The clientele served by this project will be diverse, including current farmers wanting to escape the high costs of tillage machinery, heavy pesticide use, and confining farm price support programs typical of contemporary row-crop agriculture; a growing class of non-traditional farmers, often from a city background, but who desire to live in rural areas, to farm in an ecologically-healthy way, and to produce unsubsidized products such as grass-fed meat which are more and more in demand by the public; and absentee landowners who bought land for outdoor recreation but desire income to make their land payments and pay property taxes. The Prairie Farm will be a model for these and other groups of producers and consumers of an alternative way of making a living from prairie land.
Many questions will be answered through research and monitoring on the Farm, including but not limited to, the rates of carbon sequestration in restored grasslands and wetlands; amount of improvement in surface and ground water quality; production potential of restored grassland for biofuel feedstock; how to balance wildlife and economic benefits; and economical ways to establish and manage restored tall grass prairie.
We expect this project to go a long way towards the goal of designing highly productive, efficient, and ecologically-healthy farms that capture and make available for human use far more energy than they use. Through this project, EcoSun Prairie Farms will gain the knowledge and experience to develop a set of principles and methods to guide the establishment and management of the first generation of grass-based energy farms in the northern Great Plains and Midwest.
Spring-Summer-Fall 2010
2010 was the busiest and most productive year yet on the Prairie Farm.
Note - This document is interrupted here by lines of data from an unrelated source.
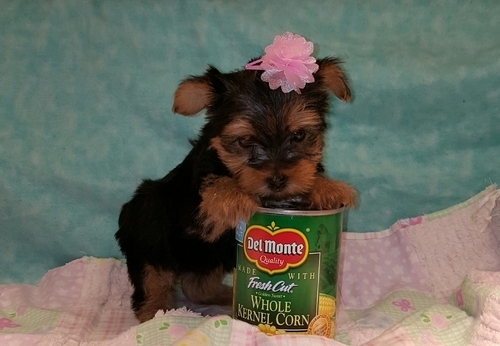 Beautiful Teacup Yorkie puppies 2 males and  - Imagen 2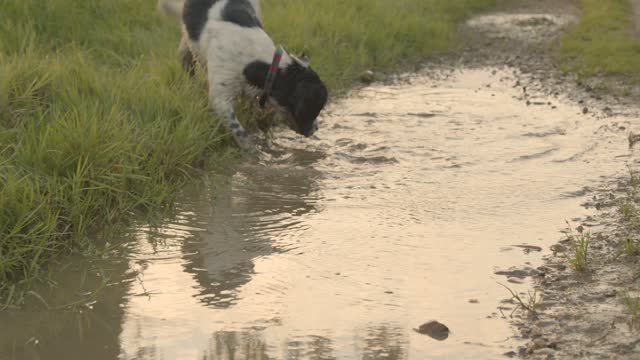 Dog Playing In a Puddle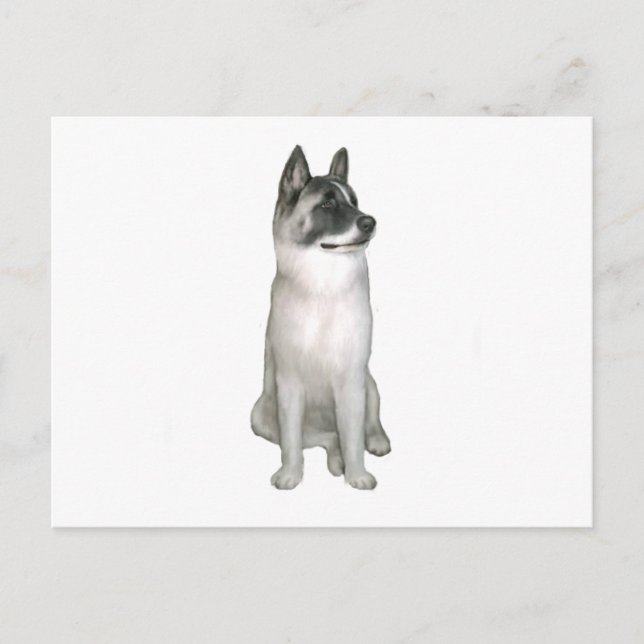 Carte Postale Akita (A) - (masque noir) (Devant)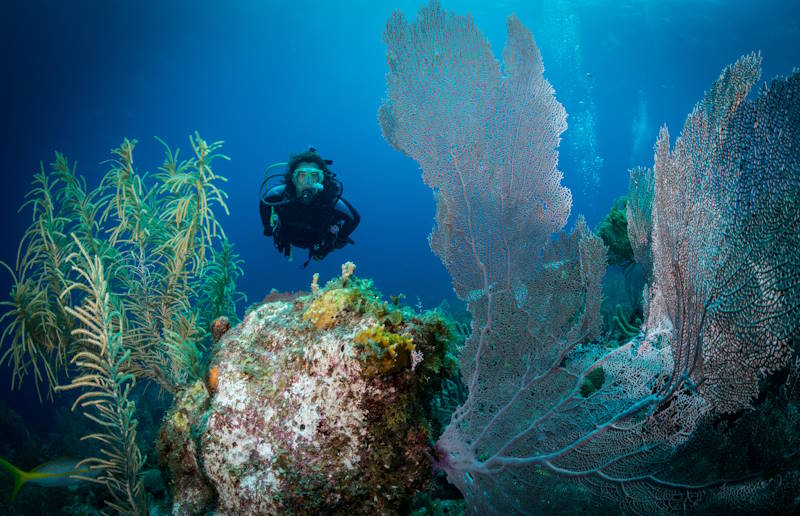 Tauchen Bonaire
Here are the highlights:
120 more acres of cropland were planted to native grassland.
35 acres of CRP were renovated.
Our first crop of big bluestem hay was baled and sold.
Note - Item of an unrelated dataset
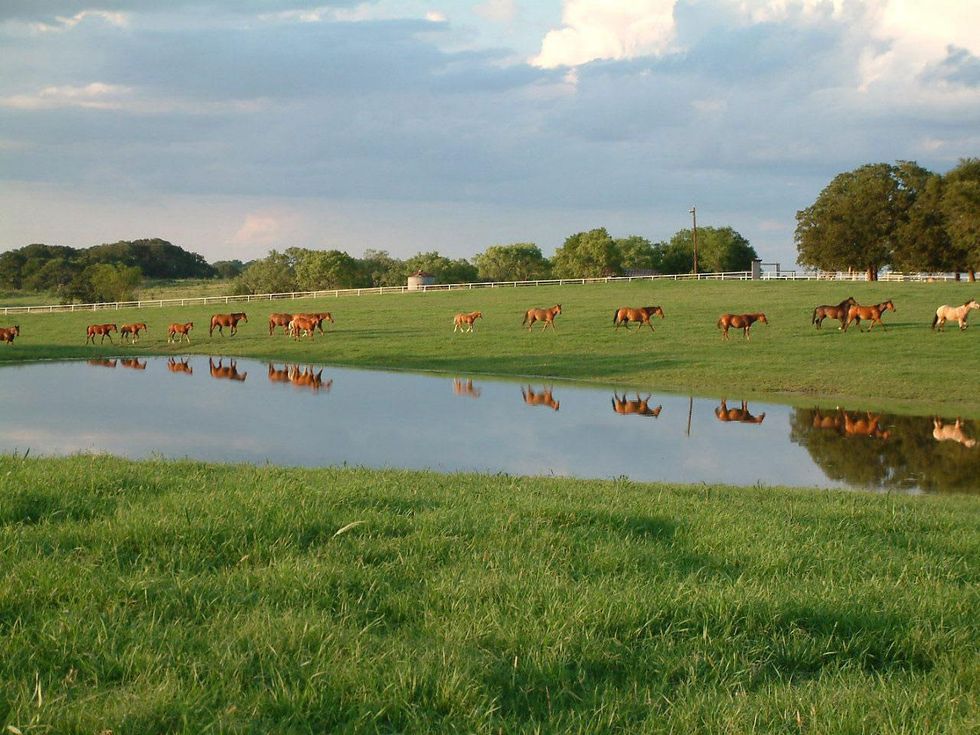 Royse City Ranch, Horses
Our first crop of switchgrass seed was combine harvested and sold.
Seeds of two wetland plant species produced on the Prairie Farm were released for sale to the public through Millborn Seed Co.
Seed from a virgin prairie with 220 species of plants was combine harvested in the fall and snow seeded on a 50 acre retired soybean field at the Prairie Farm.
A new exterior fence around the Prairie Farm was started to prepare for the arrival of 75 yearling heifers in 2011 from the Mortenson Ranch in western SD.
100 people attended the first summer tour of the Prairie Farm open to the public on August 15.
Filming of a documentary video on the Prairie Farm was completed.
Listen to Chorus frogs and other wildlife on the Prairie Farm
Spring-Summer 2009
Wetlands
Seeds of four species of sedges and whitetop (Scolochloa) were mass collected from natural, private wetlands in eastern South Dakota in summer 2009 to establish populations in restored wetlands at the Prairie Farm and to sell on the open market. Greenhouse grown plugs of another wetland grass, prairie cordgrass, planted in several Prairie Farm wetlands in 2008 spread out rapidly in 2009. They flowered profusely reaching heights of approximately 10 feet. The cordgrass in these wetlands has developed into prime wildlife habitat with excellent potential as a feedstock crop for biofuel. Cordgrass seed was collected from these wetlands in fall 2009 and used to produce more plugs for transplanting in wetlands in 2010. Cup plant (Silphium) also was plugged in shallow wetland basins to examine its potential as a companion plant with cordgrass as a biofuel feedstock.
Grasslands
Switchgrass and bluestem plantings drilled in 2008 developed into tall, dense stands of vegetation in 2009. Another retired soybean field of 35 acres was planted in 2009 to a warm-season grass and forb mix dominated by big bluestem. As of 2009, approximately 140 of the original 400 acres of cropland had been converted to grassland. The remaining cropland acres will be converted over in 2010 and 2011.
CRP
In 2009, warm season grasses were drilled into a CRP field undergoing renovation. The field (see map on homepage) was treated with herbicide, burned, and disked in 2008. The result was a high quality grassland dominated by Sunnyview big bluestem with high potential as productive, warm-season pasture or biomass feedstock.
Tours
In 2009, tours were conducted for individuals and groups that have provided funding, in-kind contributions, or other forms of support for the Prairie Farm. These include: Millborn Seeds, Inc., Brookings; Sun Grant Research Center (SDSU); Nathan Peterson (Hildebrand Strategies, Sioux Falls); legislative offices of U. S. Representative Stephanie Herseth-Sandlin and U. S. Senator Tim Johnson, and a public tour jointly sponsored by the University of Minnesota Rural Advantage (MN), and SDSU. Tours for the general public are planned for summer 2010.